### WHAT IS NEEDED
The entries should be restated word for word.

Dataset entries:
Start of Block

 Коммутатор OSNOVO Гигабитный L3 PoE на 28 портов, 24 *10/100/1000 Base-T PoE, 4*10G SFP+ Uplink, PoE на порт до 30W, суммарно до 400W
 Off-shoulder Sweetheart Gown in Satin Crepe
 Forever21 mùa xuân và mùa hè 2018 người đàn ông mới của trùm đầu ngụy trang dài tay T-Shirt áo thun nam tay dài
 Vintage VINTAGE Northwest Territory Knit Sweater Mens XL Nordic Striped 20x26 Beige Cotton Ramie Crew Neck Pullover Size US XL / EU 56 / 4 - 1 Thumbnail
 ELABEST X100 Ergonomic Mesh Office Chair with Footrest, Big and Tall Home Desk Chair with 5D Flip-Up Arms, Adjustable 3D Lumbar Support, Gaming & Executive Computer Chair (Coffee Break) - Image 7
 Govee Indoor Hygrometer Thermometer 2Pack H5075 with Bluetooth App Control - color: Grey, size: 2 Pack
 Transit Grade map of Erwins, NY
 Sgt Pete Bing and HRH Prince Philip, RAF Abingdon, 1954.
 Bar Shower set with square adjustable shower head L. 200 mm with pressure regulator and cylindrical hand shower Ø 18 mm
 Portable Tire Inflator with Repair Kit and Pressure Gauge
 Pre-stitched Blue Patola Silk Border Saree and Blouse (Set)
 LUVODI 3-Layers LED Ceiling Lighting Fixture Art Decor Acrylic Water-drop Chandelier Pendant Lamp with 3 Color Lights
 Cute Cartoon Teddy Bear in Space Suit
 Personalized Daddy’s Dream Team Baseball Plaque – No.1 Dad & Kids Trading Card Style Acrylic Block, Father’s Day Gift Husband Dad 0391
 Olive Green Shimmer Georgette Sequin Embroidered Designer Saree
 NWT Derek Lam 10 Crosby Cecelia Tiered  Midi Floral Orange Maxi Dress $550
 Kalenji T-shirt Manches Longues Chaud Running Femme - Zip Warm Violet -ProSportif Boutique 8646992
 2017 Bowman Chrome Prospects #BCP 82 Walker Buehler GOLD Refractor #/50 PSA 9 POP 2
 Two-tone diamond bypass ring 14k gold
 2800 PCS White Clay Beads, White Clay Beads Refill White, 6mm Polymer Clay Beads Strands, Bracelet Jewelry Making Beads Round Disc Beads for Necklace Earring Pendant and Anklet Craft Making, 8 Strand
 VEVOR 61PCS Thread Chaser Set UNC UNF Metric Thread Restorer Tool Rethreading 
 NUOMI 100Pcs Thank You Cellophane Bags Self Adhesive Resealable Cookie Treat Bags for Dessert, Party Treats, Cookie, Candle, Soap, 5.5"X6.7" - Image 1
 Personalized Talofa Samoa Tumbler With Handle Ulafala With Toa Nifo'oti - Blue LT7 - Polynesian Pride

End of Block

### TASK SOLUTION
 Коммутатор OSNOVO Гигабитный L3 PoE на 28 портов, 24 *10/100/1000 Base-T PoE, 4*10G SFP+ Uplink, PoE на порт до 30W, суммарно до 400W
 Off-shoulder Sweetheart Gown in Satin Crepe
 Forever21 mùa xuân và mùa hè 2018 người đàn ông mới của trùm đầu ngụy trang dài tay T-Shirt áo thun nam tay dài
 Vintage VINTAGE Northwest Territory Knit Sweater Mens XL Nordic Striped 20x26 Beige Cotton Ramie Crew Neck Pullover Size US XL / EU 56 / 4 - 1 Thumbnail
 ELABEST X100 Ergonomic Mesh Office Chair with Footrest, Big and Tall Home Desk Chair with 5D Flip-Up Arms, Adjustable 3D Lumbar Support, Gaming & Executive Computer Chair (Coffee Break) - Image 7
 Govee Indoor Hygrometer Thermometer 2Pack H5075 with Bluetooth App Control - color: Grey, size: 2 Pack
 Transit Grade map of Erwins, NY
 Sgt Pete Bing and HRH Prince Philip, RAF Abingdon, 1954.
 Bar Shower set with square adjustable shower head L. 200 mm with pressure regulator and cylindrical hand shower Ø 18 mm
 Portable Tire Inflator with Repair Kit and Pressure Gauge
 Pre-stitched Blue Patola Silk Border Saree and Blouse (Set)
 LUVODI 3-Layers LED Ceiling Lighting Fixture Art Decor Acrylic Water-drop Chandelier Pendant Lamp with 3 Color Lights
 Cute Cartoon Teddy Bear in Space Suit
 Personalized Daddy’s Dream Team Baseball Plaque – No.1 Dad & Kids Trading Card Style Acrylic Block, Father’s Day Gift Husband Dad 0391
 Olive Green Shimmer Georgette Sequin Embroidered Designer Saree
 NWT Derek Lam 10 Crosby Cecelia Tiered  Midi Floral Orange Maxi Dress $550
 Kalenji T-shirt Manches Longues Chaud Running Femme - Zip Warm Violet -ProSportif Boutique 8646992
 2017 Bowman Chrome Prospects #BCP 82 Walker Buehler GOLD Refractor #/50 PSA 9 POP 2
 Two-tone diamond bypass ring 14k gold
 2800 PCS White Clay Beads, White Clay Beads Refill White, 6mm Polymer Clay Beads Strands, Bracelet Jewelry Making Beads Round Disc Beads for Necklace Earring Pendant and Anklet Craft Making, 8 Strand
 VEVOR 61PCS Thread Chaser Set UNC UNF Metric Thread Restorer Tool Rethreading 
 NUOMI 100Pcs Thank You Cellophane Bags Self Adhesive Resealable Cookie Treat Bags for Dessert, Party Treats, Cookie, Candle, Soap, 5.5"X6.7" - Image 1
 Personalized Talofa Samoa Tumbler With Handle Ulafala With Toa Nifo'oti - Blue LT7 - Polynesian Pride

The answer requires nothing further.